• Problem details: Word for word, transcribe all of the records.

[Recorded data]
________________________

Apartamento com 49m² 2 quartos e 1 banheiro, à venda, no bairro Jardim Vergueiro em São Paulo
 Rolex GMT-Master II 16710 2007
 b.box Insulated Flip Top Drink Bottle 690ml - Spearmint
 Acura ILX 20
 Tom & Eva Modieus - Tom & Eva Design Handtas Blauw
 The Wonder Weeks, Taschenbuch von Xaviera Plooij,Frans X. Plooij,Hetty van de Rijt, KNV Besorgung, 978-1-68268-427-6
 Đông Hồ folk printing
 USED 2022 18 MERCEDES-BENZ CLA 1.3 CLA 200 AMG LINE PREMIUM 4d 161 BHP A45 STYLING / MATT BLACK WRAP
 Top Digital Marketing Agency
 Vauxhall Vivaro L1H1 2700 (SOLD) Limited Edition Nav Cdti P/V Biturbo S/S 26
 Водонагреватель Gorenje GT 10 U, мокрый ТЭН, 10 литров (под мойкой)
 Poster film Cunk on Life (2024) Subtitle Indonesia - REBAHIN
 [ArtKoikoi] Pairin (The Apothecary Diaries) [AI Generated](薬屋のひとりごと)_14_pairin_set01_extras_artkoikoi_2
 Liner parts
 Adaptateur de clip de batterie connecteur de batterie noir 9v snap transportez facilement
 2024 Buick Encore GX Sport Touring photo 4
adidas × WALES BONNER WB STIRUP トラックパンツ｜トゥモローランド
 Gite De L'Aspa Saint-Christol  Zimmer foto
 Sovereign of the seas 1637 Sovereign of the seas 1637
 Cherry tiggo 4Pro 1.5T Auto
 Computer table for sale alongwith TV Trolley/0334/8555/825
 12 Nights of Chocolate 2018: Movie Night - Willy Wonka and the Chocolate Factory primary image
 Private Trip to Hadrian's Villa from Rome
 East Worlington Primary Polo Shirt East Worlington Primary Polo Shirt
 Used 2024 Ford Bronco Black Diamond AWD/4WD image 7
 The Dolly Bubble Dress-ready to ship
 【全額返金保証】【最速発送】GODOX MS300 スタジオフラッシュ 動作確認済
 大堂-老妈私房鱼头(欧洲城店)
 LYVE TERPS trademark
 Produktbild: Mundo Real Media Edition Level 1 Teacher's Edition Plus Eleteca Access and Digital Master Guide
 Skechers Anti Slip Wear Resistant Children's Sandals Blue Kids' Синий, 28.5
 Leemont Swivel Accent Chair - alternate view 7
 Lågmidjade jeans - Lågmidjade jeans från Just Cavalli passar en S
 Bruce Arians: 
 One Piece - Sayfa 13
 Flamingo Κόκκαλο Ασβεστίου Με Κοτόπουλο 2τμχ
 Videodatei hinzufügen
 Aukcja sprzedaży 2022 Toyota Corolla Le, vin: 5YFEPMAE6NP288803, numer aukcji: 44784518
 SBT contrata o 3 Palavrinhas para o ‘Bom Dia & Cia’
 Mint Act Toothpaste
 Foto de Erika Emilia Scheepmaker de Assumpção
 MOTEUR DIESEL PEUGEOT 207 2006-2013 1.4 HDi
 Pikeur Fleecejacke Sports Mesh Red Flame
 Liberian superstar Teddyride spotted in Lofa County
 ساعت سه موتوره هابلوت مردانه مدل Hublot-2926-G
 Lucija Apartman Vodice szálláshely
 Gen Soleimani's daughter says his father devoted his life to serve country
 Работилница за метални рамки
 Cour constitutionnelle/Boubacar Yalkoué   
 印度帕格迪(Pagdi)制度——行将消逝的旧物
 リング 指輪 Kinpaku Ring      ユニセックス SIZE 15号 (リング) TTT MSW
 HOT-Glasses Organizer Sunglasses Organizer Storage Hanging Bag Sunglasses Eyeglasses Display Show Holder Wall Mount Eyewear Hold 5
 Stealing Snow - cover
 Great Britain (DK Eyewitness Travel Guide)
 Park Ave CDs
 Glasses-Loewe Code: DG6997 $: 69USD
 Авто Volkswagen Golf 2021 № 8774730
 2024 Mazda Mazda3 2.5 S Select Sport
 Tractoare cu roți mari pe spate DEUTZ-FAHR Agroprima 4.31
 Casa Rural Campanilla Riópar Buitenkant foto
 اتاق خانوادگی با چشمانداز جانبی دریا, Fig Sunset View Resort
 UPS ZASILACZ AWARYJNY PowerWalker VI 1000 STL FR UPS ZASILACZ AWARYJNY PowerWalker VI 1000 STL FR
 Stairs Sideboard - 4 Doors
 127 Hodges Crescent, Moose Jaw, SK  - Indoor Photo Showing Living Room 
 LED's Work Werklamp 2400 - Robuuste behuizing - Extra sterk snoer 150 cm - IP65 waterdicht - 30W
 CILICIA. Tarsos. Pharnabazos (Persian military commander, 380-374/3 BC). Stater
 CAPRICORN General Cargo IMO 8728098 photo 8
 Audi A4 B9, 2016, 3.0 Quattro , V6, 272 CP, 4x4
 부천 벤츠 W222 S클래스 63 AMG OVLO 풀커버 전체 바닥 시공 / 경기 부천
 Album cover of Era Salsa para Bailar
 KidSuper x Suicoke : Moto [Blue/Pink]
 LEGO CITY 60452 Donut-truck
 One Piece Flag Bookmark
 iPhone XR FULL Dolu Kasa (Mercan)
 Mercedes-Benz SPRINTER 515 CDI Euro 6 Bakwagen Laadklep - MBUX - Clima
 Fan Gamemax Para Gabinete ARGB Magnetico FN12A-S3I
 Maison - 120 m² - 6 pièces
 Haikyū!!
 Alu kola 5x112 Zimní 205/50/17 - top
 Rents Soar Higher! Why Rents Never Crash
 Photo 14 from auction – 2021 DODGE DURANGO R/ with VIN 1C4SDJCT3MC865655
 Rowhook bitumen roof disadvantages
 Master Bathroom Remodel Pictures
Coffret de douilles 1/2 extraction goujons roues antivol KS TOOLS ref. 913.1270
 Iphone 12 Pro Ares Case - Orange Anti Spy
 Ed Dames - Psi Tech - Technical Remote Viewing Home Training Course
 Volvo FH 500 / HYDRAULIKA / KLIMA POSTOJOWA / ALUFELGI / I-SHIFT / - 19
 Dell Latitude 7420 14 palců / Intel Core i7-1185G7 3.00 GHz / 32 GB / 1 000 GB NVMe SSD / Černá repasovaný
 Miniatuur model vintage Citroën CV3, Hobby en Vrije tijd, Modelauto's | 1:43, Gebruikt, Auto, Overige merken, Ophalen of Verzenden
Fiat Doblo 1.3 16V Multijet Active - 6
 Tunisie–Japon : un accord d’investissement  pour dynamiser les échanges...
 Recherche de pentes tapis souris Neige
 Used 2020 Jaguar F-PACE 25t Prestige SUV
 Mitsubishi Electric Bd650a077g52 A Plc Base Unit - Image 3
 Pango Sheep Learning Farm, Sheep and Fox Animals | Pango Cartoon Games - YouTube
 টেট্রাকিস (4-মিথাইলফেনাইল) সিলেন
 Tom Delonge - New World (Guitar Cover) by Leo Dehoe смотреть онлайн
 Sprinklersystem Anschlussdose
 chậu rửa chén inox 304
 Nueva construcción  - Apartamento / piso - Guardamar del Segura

________________________

• Reply:
Apartamento com 49m² 2 quartos e 1 banheiro, à venda, no bairro Jardim Vergueiro em São Paulo
 Rolex GMT-Master II 16710 2007
 b.box Insulated Flip Top Drink Bottle 690ml - Spearmint
 Acura ILX 20
 Tom & Eva Modieus - Tom & Eva Design Handtas Blauw
 The Wonder Weeks, Taschenbuch von Xaviera Plooij,Frans X. Plooij,Hetty van de Rijt, KNV Besorgung, 978-1-68268-427-6
 Đông Hồ folk printing
 USED 2022 18 MERCEDES-BENZ CLA 1.3 CLA 200 AMG LINE PREMIUM 4d 161 BHP A45 STYLING / MATT BLACK WRAP
 Top Digital Marketing Agency
 Vauxhall Vivaro L1H1 2700 (SOLD) Limited Edition Nav Cdti P/V Biturbo S/S 26
 Водонагреватель Gorenje GT 10 U, мокрый ТЭН, 10 литров (под мойкой)
 Poster film Cunk on Life (2024) Subtitle Indonesia - REBAHIN
 [ArtKoikoi] Pairin (The Apothecary Diaries) [AI Generated](薬屋のひとりごと)_14_pairin_set01_extras_artkoikoi_2
 Liner parts
 Adaptateur de clip de batterie connecteur de batterie noir 9v snap transportez facilement
 2024 Buick Encore GX Sport Touring photo 4
adidas × WALES BONNER WB STIRUP トラックパンツ｜トゥモローランド
 Gite De L'Aspa Saint-Christol  Zimmer foto
 Sovereign of the seas 1637 Sovereign of the seas 1637
 Cherry tiggo 4Pro 1.5T Auto
 Computer table for sale alongwith TV Trolley/0334/8555/825
 12 Nights of Chocolate 2018: Movie Night - Willy Wonka and the Chocolate Factory primary image
 Private Trip to Hadrian's Villa from Rome
 East Worlington Primary Polo Shirt East Worlington Primary Polo Shirt
 Used 2024 Ford Bronco Black Diamond AWD/4WD image 7
 The Dolly Bubble Dress-ready to ship
 【全額返金保証】【最速発送】GODOX MS300 スタジオフラッシュ 動作確認済
 大堂-老妈私房鱼头(欧洲城店)
 LYVE TERPS trademark
 Produktbild: Mundo Real Media Edition Level 1 Teacher's Edition Plus Eleteca Access and Digital Master Guide
 Skechers Anti Slip Wear Resistant Children's Sandals Blue Kids' Синий, 28.5
 Leemont Swivel Accent Chair - alternate view 7
 Lågmidjade jeans - Lågmidjade jeans från Just Cavalli passar en S
 Bruce Arians: 
 One Piece - Sayfa 13
 Flamingo Κόκκαλο Ασβεστίου Με Κοτόπουλο 2τμχ
 Videodatei hinzufügen
 Aukcja sprzedaży 2022 Toyota Corolla Le, vin: 5YFEPMAE6NP288803, numer aukcji: 44784518
 SBT contrata o 3 Palavrinhas para o ‘Bom Dia & Cia’
 Mint Act Toothpaste
 Foto de Erika Emilia Scheepmaker de Assumpção
 MOTEUR DIESEL PEUGEOT 207 2006-2013 1.4 HDi
 Pikeur Fleecejacke Sports Mesh Red Flame
 Liberian superstar Teddyride spotted in Lofa County
 ساعت سه موتوره هابلوت مردانه مدل Hublot-2926-G
 Lucija Apartman Vodice szálláshely
 Gen Soleimani's daughter says his father devoted his life to serve country
 Работилница за метални рамки
 Cour constitutionnelle/Boubacar Yalkoué   
 印度帕格迪(Pagdi)制度——行将消逝的旧物
 リング 指輪 Kinpaku Ring      ユニセックス SIZE 15号 (リング) TTT MSW
 HOT-Glasses Organizer Sunglasses Organizer Storage Hanging Bag Sunglasses Eyeglasses Display Show Holder Wall Mount Eyewear Hold 5
 Stealing Snow - cover
 Great Britain (DK Eyewitness Travel Guide)
 Park Ave CDs
 Glasses-Loewe Code: DG6997 $: 69USD
 Авто Volkswagen Golf 2021 № 8774730
 2024 Mazda Mazda3 2.5 S Select Sport
 Tractoare cu roți mari pe spate DEUTZ-FAHR Agroprima 4.31
 Casa Rural Campanilla Riópar Buitenkant foto
 اتاق خانوادگی با چشمانداز جانبی دریا, Fig Sunset View Resort
 UPS ZASILACZ AWARYJNY PowerWalker VI 1000 STL FR UPS ZASILACZ AWARYJNY PowerWalker VI 1000 STL FR
 Stairs Sideboard - 4 Doors
 127 Hodges Crescent, Moose Jaw, SK  - Indoor Photo Showing Living Room 
 LED's Work Werklamp 2400 - Robuuste behuizing - Extra sterk snoer 150 cm - IP65 waterdicht - 30W
 CILICIA. Tarsos. Pharnabazos (Persian military commander, 380-374/3 BC). Stater
 CAPRICORN General Cargo IMO 8728098 photo 8
 Audi A4 B9, 2016, 3.0 Quattro , V6, 272 CP, 4x4
 부천 벤츠 W222 S클래스 63 AMG OVLO 풀커버 전체 바닥 시공 / 경기 부천
 Album cover of Era Salsa para Bailar
 KidSuper x Suicoke : Moto [Blue/Pink]
 LEGO CITY 60452 Donut-truck
 One Piece Flag Bookmark
 iPhone XR FULL Dolu Kasa (Mercan)
 Mercedes-Benz SPRINTER 515 CDI Euro 6 Bakwagen Laadklep - MBUX - Clima
 Fan Gamemax Para Gabinete ARGB Magnetico FN12A-S3I
 Maison - 120 m² - 6 pièces
 Haikyū!!
 Alu kola 5x112 Zimní 205/50/17 - top
 Rents Soar Higher! Why Rents Never Crash
 Photo 14 from auction – 2021 DODGE DURANGO R/ with VIN 1C4SDJCT3MC865655
 Rowhook bitumen roof disadvantages
 Master Bathroom Remodel Pictures
Coffret de douilles 1/2 extraction goujons roues antivol KS TOOLS ref. 913.1270
 Iphone 12 Pro Ares Case - Orange Anti Spy
 Ed Dames - Psi Tech - Technical Remote Viewing Home Training Course
 Volvo FH 500 / HYDRAULIKA / KLIMA POSTOJOWA / ALUFELGI / I-SHIFT / - 19
 Dell Latitude 7420 14 palců / Intel Core i7-1185G7 3.00 GHz / 32 GB / 1 000 GB NVMe SSD / Černá repasovaný
 Miniatuur model vintage Citroën CV3, Hobby en Vrije tijd, Modelauto's | 1:43, Gebruikt, Auto, Overige merken, Ophalen of Verzenden
Fiat Doblo 1.3 16V Multijet Active - 6
 Tunisie–Japon : un accord d’investissement  pour dynamiser les échanges...
 Recherche de pentes tapis souris Neige
 Used 2020 Jaguar F-PACE 25t Prestige SUV
 Mitsubishi Electric Bd650a077g52 A Plc Base Unit - Image 3
 Pango Sheep Learning Farm, Sheep and Fox Animals | Pango Cartoon Games - YouTube
 টেট্রাকিস (4-মিথাইলফেনাইল) সিলেন
 Tom Delonge - New World (Guitar Cover) by Leo Dehoe смотреть онлайн
 Sprinklersystem Anschlussdose
 chậu rửa chén inox 304
 Nueva construcción  - Apartamento / piso - Guardamar del Segura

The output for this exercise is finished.